PROVIDED ENTRIES>
□ □ □ □ □ □ □

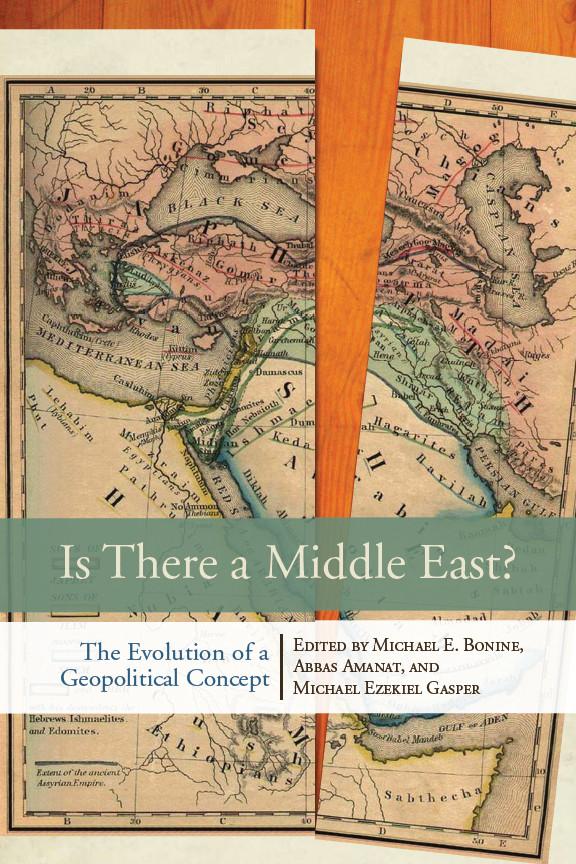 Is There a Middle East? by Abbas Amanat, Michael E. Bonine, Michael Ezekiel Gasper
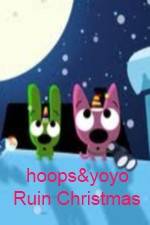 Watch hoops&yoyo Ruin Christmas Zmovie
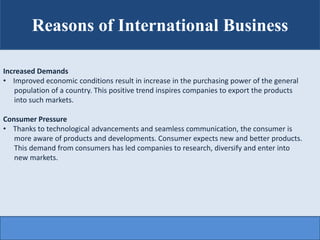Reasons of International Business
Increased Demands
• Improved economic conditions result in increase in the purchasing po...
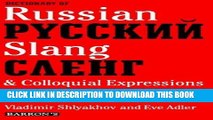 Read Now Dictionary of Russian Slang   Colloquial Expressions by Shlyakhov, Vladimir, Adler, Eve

□ □ □ □ □ □ □

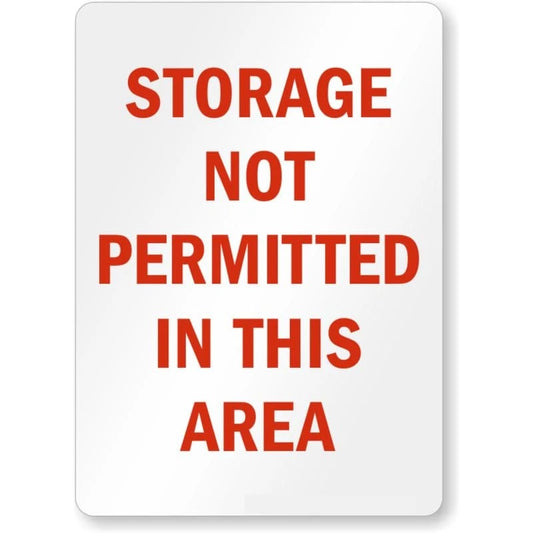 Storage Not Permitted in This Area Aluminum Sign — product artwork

□ □ □ □ □ □ □

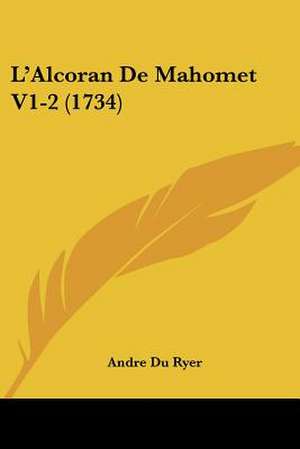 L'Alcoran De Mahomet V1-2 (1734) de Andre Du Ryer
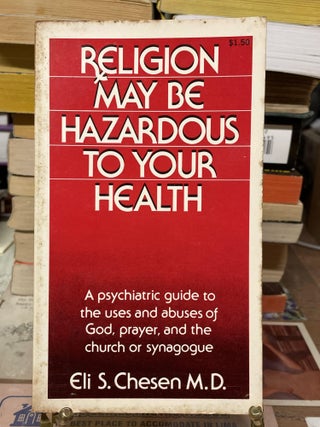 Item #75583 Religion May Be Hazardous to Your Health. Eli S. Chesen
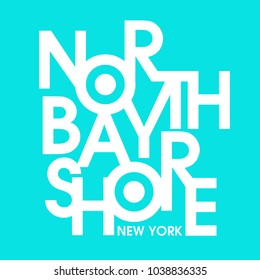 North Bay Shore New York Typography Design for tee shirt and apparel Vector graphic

□ □ □ □ □ □ □

WHAT THIS TASK INVOLVES> In the entries above, find the line containing "Reasons of International Business" and the line containing "Read Now Dictionary", then copy both and every line between them exactly, without any picture.

ANSWER BOX>
Reasons of International Business
Increased Demands
• Improved economic conditions result in increase in the purchasing po...
 Read Now Dictionary of Russian Slang   Colloquial Expressions by Shlyakhov, Vladimir, Adler, Eve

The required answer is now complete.